_INPUT DATA_:
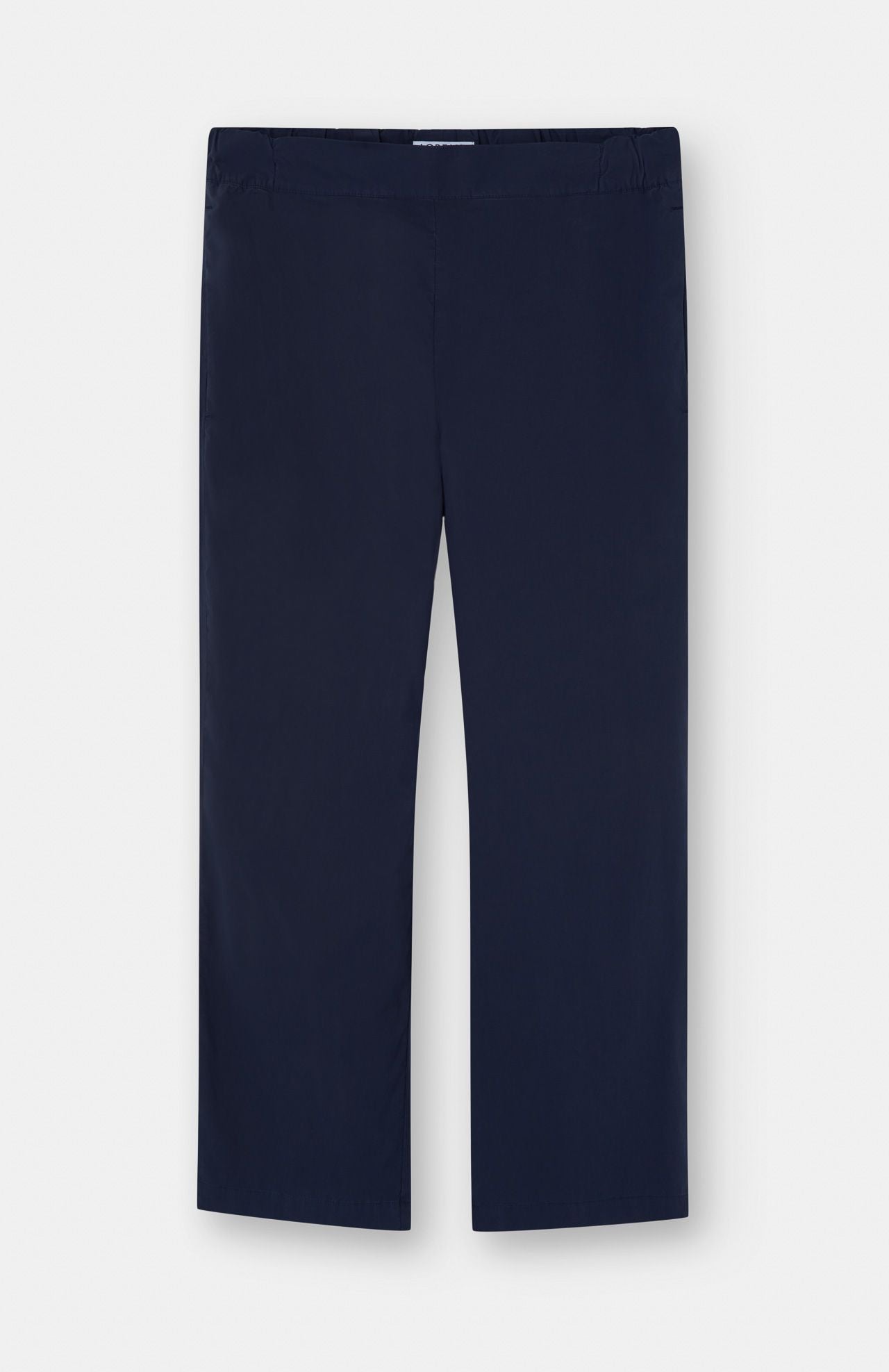 Loreak Mendian's Confya Cropped Trousers in navy blue organic poplin feature a straight-leg cut and are shown against a plain white background.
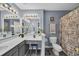 Bathroom vanity featuring double mirrors and sinks with a chair and decorated shower at 5040 Windsor Green Way # 204, Myrtle Beach, SC 29579
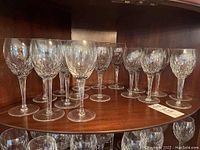 Seventeen crystal wine glasses arranged on wooden shelving, showing two distinct sizes.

_WHAT TO WORK ON_: Pictures are not part of the copy. Restate everything else in the listing word for word.

_SOLUTION TO THIS EXERCISE_:
 Loreak Mendian's Confya Cropped Trousers in navy blue organic poplin feature a straight-leg cut and are shown against a plain white background.
 Bathroom vanity featuring double mirrors and sinks with a chair and decorated shower at 5040 Windsor Green Way # 204, Myrtle Beach, SC 29579
 Seventeen crystal wine glasses arranged on wooden shelving, showing two distinct sizes.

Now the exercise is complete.